**Given records**
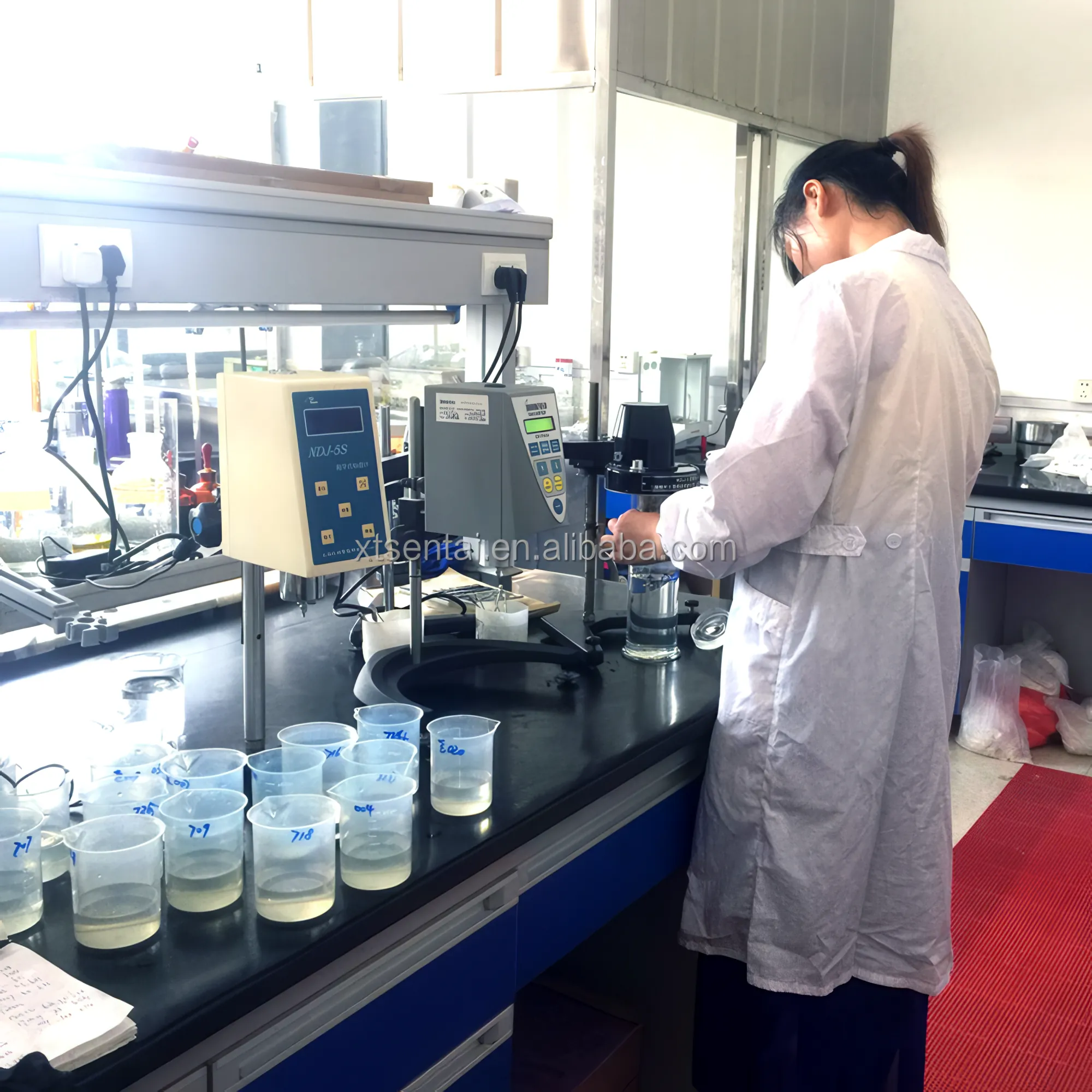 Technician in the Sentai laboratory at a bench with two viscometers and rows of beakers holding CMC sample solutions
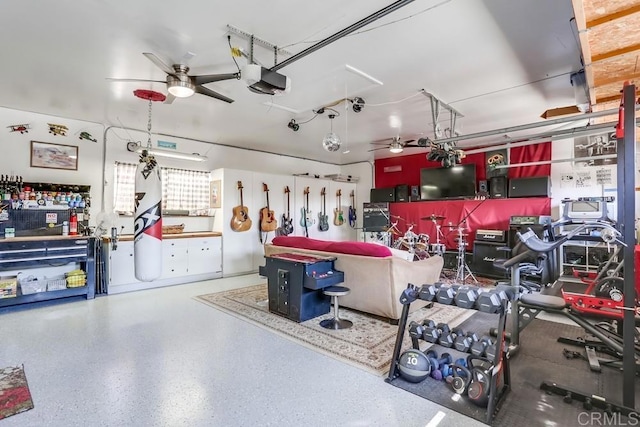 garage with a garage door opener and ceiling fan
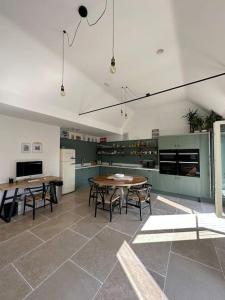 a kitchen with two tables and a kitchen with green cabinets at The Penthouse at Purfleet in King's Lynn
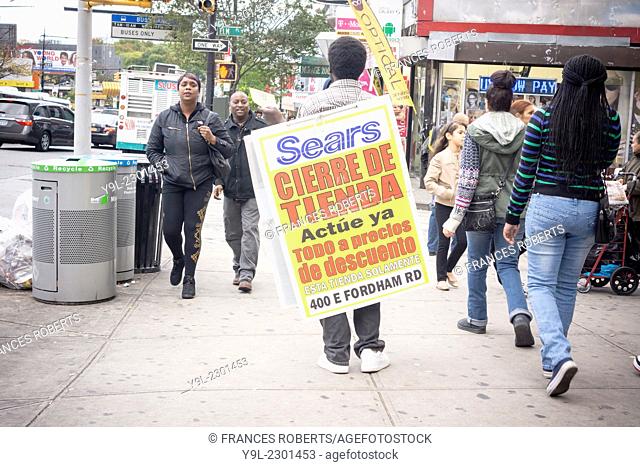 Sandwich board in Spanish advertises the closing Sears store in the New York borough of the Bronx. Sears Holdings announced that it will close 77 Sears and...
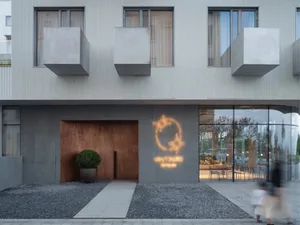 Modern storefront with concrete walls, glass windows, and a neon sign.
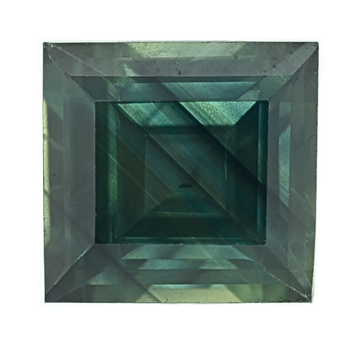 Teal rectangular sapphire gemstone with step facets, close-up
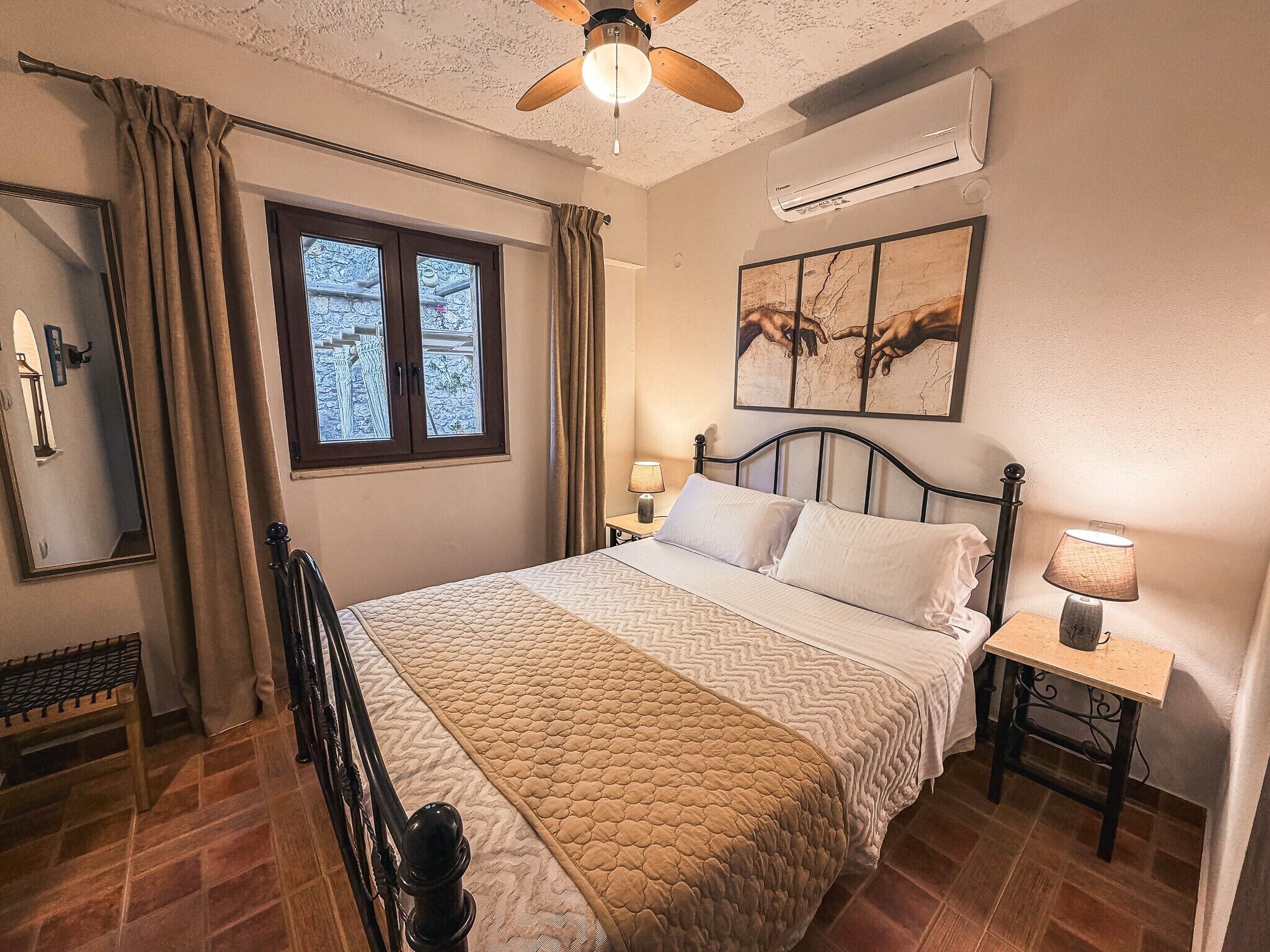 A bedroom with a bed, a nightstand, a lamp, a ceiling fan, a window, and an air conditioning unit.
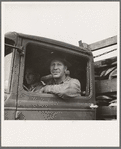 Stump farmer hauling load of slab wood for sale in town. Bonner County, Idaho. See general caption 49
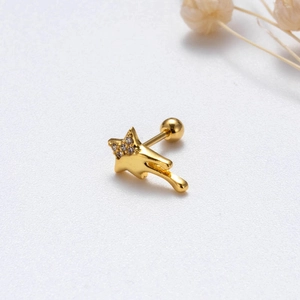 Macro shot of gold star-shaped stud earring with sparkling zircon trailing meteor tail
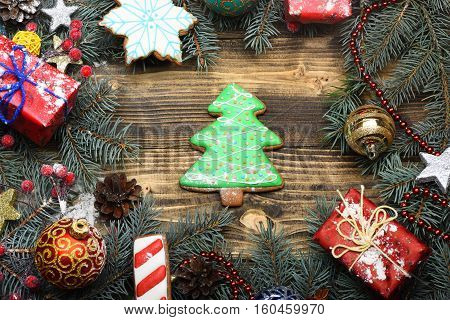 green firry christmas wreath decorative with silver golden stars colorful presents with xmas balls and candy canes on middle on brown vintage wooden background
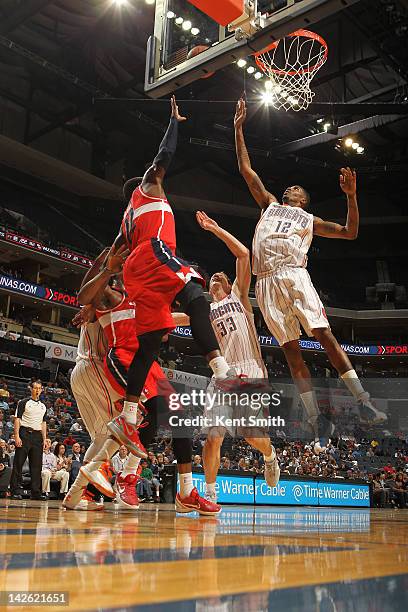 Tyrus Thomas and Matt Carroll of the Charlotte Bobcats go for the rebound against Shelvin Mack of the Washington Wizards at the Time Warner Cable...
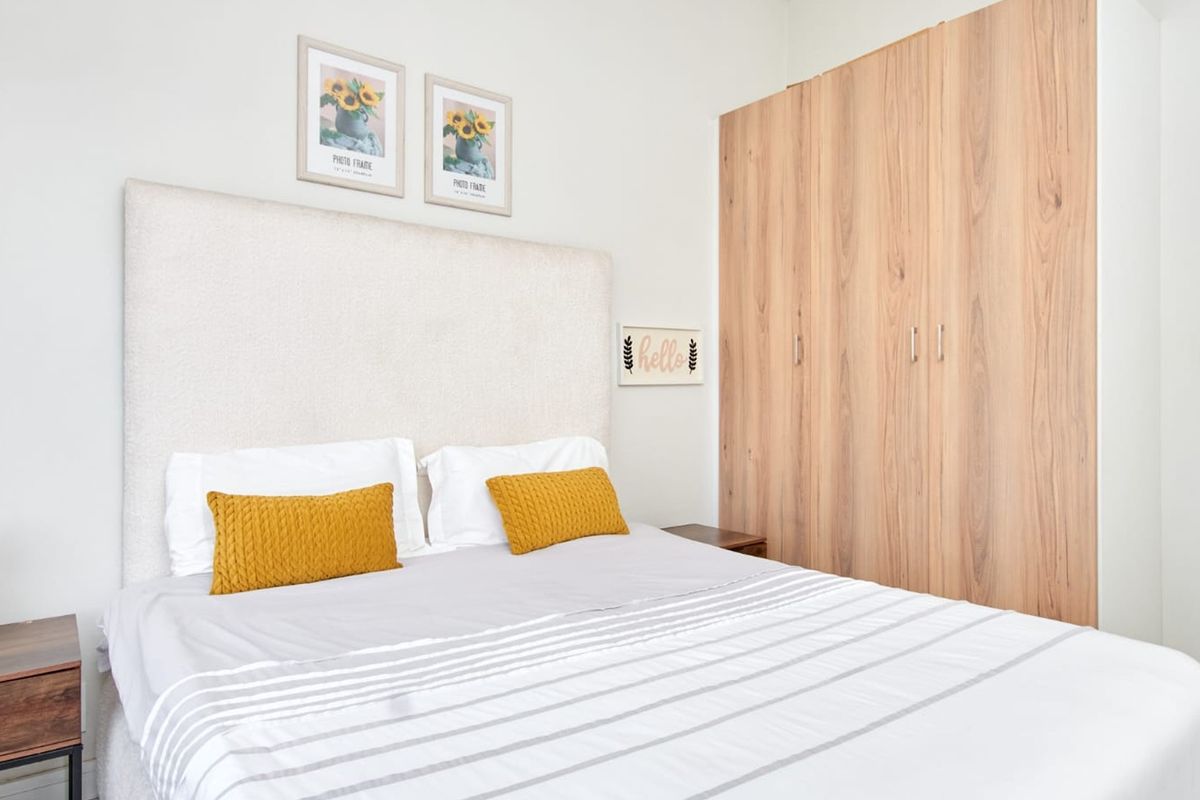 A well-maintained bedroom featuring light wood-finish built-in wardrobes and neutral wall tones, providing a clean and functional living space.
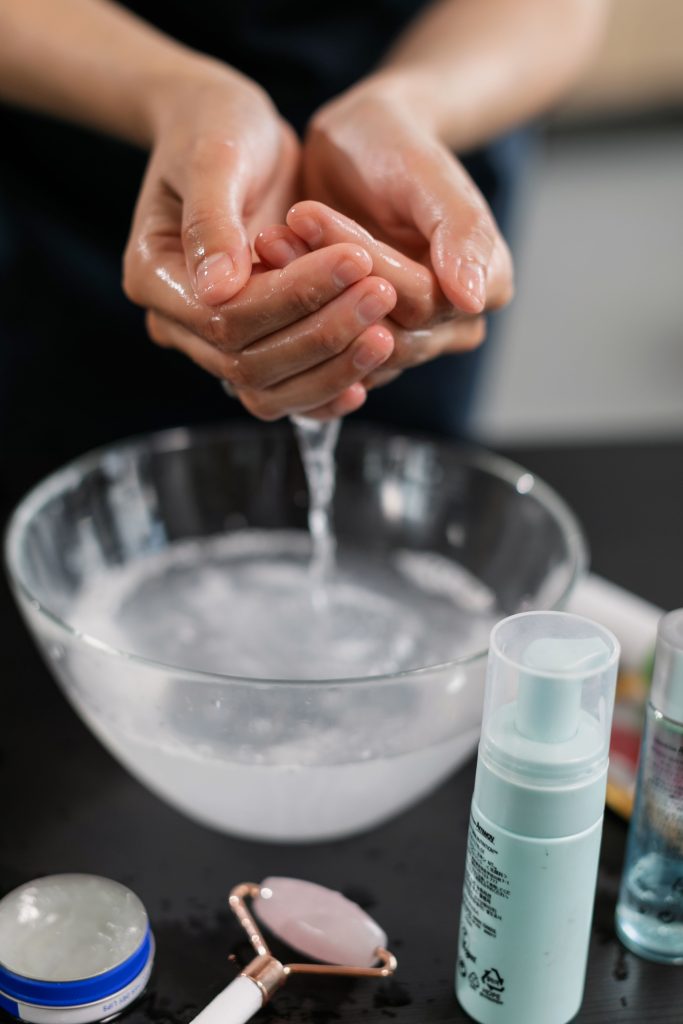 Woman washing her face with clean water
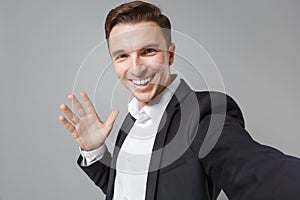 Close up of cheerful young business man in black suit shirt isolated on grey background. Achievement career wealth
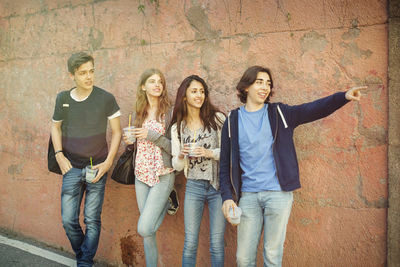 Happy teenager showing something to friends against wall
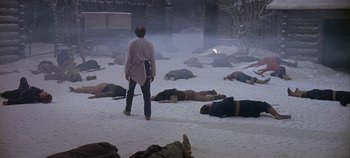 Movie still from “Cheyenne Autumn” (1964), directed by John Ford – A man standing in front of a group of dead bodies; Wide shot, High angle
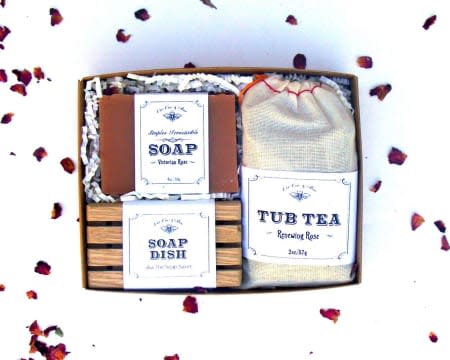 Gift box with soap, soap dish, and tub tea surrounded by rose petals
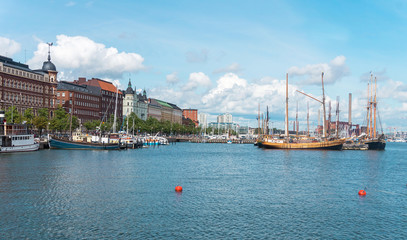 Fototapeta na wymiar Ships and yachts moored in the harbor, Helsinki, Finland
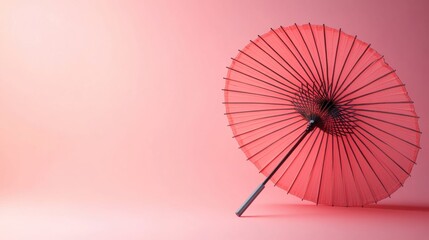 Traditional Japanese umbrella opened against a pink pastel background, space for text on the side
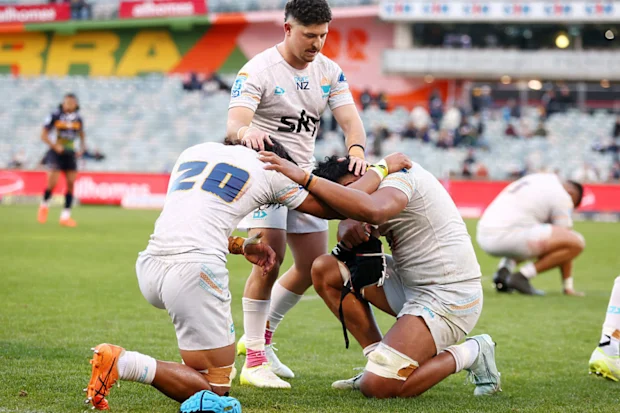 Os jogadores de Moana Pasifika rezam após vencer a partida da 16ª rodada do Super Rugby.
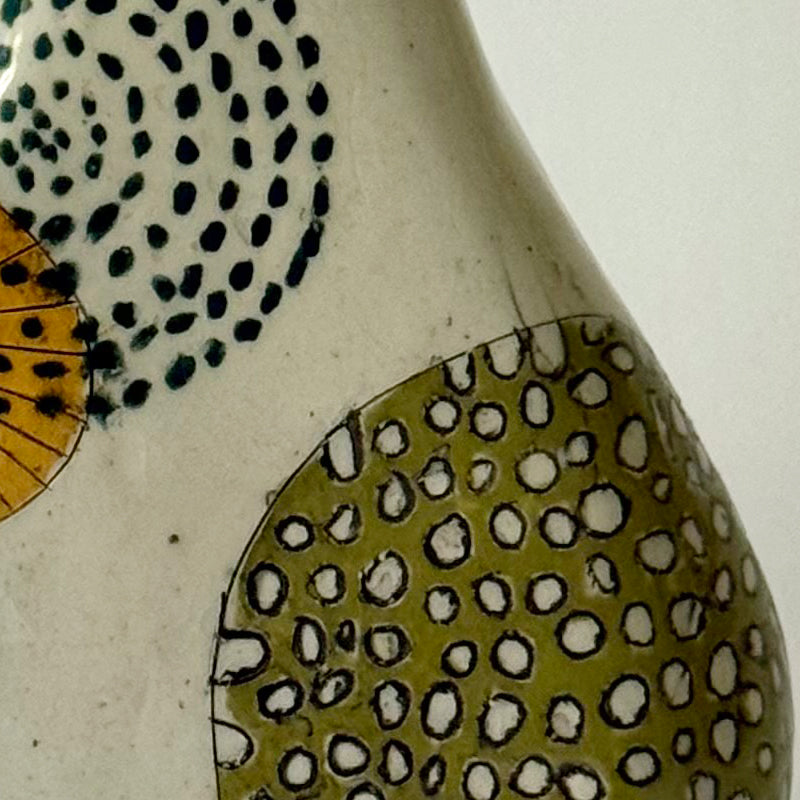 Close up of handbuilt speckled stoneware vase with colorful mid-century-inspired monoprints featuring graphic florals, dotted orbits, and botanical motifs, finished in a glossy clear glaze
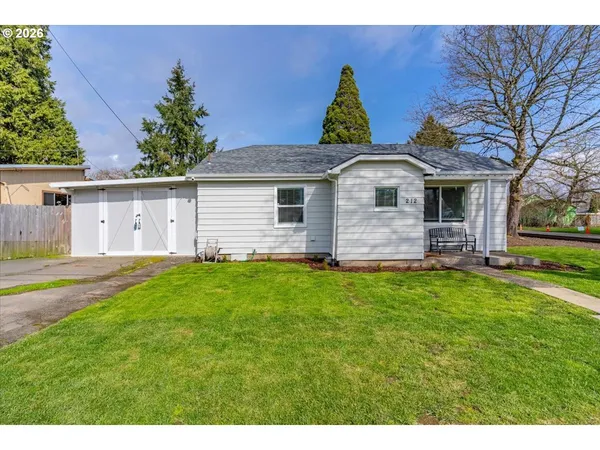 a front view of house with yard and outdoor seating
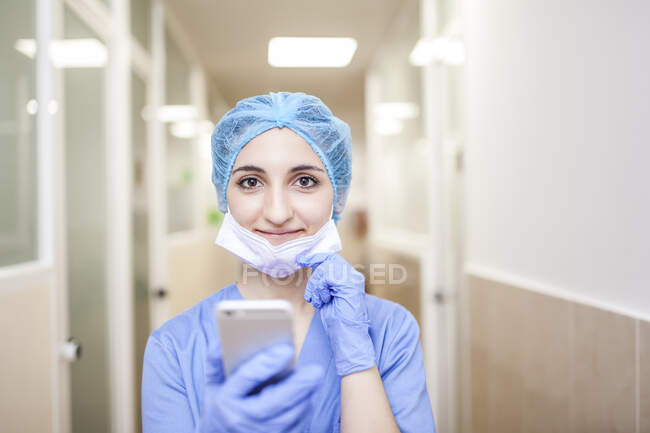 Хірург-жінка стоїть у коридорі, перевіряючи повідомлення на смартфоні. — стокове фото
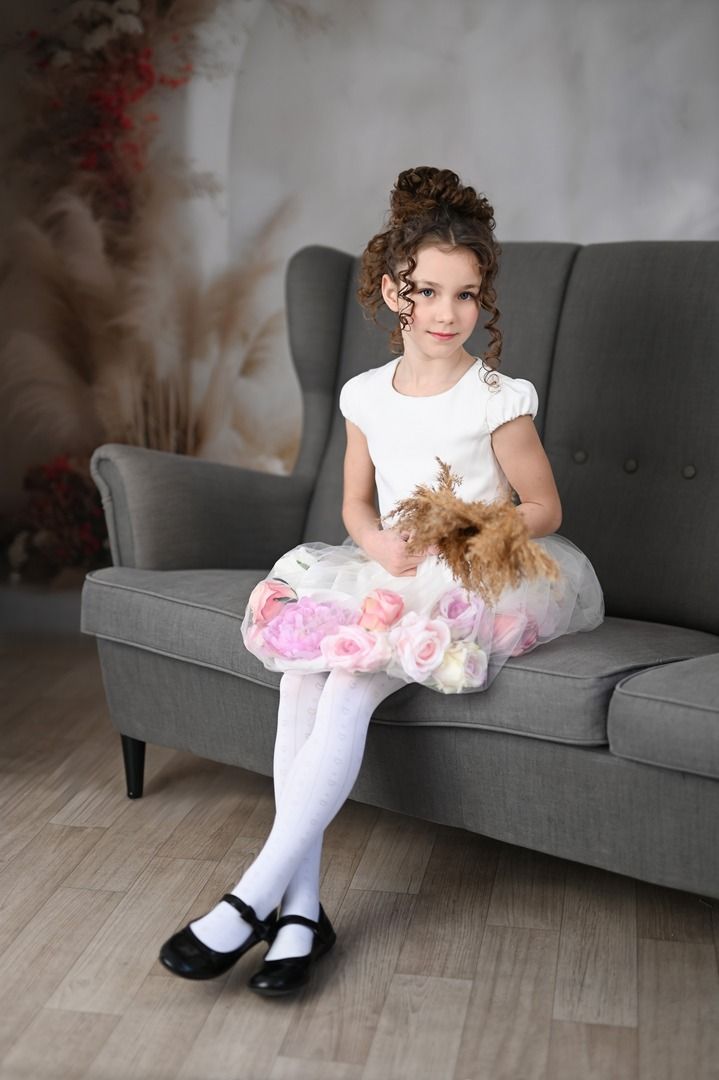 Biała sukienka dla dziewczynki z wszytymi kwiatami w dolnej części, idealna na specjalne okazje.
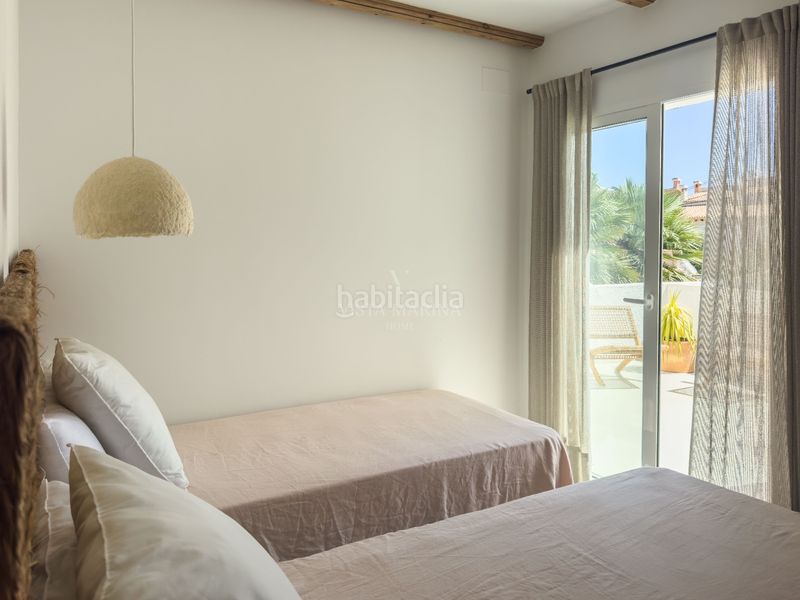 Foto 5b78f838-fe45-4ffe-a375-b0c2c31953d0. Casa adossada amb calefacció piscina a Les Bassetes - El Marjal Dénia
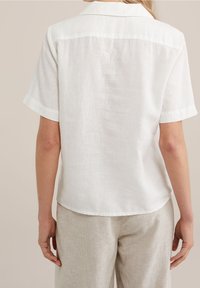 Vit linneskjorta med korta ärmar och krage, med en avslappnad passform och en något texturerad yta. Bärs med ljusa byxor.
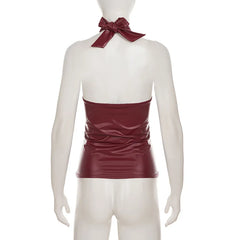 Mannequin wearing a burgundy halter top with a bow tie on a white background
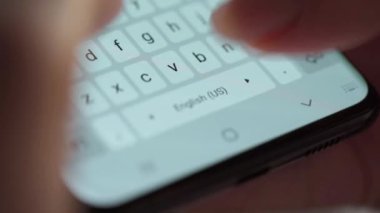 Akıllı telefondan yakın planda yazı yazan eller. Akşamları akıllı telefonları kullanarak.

**Brief**
Begin at the top of the records above and retype each line exactly until the line containing "a kitchen with two", which is included. Skip all pictures.

**Exercise response**
 Technician in the Sentai laboratory at a bench with two viscometers and rows of beakers holding CMC sample solutions
 garage with a garage door opener and ceiling fan
 a kitchen with two tables and a kitchen with green cabinets at The Penthouse at Purfleet in King's Lynn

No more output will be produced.